AOCF per share before transaction and other costs is calculated by dividing AOCF before transaction and other costs by the weighted average number of shares outstanding. AOCF per share is calculated by dividing AOCF by the weighted average number of shares outstanding.
AOCF is a performance measure used by management and investors to evaluate Superior’s ongoing performance of its businesses and ability to generate cash flow. AOCF represents cash flow generated by Superior that is available for, but not necessarily limited to, changes in working capital requirements, investing activities and financing activities of Superior.
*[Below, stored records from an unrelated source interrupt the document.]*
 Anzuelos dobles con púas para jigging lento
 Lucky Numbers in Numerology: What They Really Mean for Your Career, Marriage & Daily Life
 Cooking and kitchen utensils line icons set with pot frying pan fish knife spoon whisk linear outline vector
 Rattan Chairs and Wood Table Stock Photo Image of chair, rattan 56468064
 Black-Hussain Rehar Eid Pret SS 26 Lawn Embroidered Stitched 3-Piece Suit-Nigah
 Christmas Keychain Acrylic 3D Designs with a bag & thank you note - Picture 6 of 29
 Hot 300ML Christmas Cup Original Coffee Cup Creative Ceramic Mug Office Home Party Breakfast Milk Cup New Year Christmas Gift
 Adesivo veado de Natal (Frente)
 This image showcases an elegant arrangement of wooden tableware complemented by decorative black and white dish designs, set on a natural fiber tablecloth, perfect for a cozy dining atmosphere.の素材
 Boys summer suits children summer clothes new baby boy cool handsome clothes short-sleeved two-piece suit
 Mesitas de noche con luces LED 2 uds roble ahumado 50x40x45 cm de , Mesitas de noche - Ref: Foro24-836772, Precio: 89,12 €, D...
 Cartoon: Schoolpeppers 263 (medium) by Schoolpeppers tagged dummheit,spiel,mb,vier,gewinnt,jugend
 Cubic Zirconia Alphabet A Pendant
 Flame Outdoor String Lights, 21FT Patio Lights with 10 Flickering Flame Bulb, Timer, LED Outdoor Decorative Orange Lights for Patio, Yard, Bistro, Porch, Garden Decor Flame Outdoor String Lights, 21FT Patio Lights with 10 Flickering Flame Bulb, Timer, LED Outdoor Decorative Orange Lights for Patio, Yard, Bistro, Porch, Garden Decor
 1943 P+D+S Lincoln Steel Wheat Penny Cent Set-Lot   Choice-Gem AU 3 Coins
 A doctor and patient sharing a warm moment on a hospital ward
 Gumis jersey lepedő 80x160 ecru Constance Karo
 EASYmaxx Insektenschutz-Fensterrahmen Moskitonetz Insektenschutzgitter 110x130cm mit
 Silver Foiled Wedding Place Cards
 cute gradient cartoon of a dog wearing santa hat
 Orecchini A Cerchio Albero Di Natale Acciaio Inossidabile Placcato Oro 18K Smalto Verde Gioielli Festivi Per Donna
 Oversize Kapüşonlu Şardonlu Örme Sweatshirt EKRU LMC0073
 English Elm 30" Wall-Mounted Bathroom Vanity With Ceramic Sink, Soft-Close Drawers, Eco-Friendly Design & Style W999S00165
AOCF is also used as one component in determining short-term incentive compensation for certain management employees.
The seasonality of Superior’s individual quarterly results must be assessed in the context of annualized AOCF. Adjustments recorded by Superior as part of its calculation of AOCF include, but are not limited to, the impact of the seasonality of Superior’s businesses, principally the Energy Distribution segment, by adjusting for non-cash working capital items, thereby eliminating the impact of the timing between the recognition and collection/payment of Superior’s revenues and expenses, which can differ significantly from quarter to quarter. AOCF is reconciled to cash flow from operating activities.
Adjusted EBITDA represents earnings before interest, taxes, depreciation, amortization, losses (gains) on disposal of assets, finance expense, restructuring costs, transaction and other costs, and unrealized gains (losses) on derivative financial instruments. Adjusted EBITDA is used by Superior and investors to assess its consolidated results and ability to service debt. Adjusted EBITDA is reconciled to net earnings before income taxes.
EBITDA from operations
EBITDA from operations is defined as Adjusted EBITDA excluding costs that are not considered representative of Superior’s underlying core operating performance, including gains and losses on foreign currency hedging contracts, corporate costs and transaction and other costs. Management uses EBITDA from operations to set targets for Superior (including annual guidance and variable compensation targets). EBITDA from operations is reconciled to net earnings before income taxes.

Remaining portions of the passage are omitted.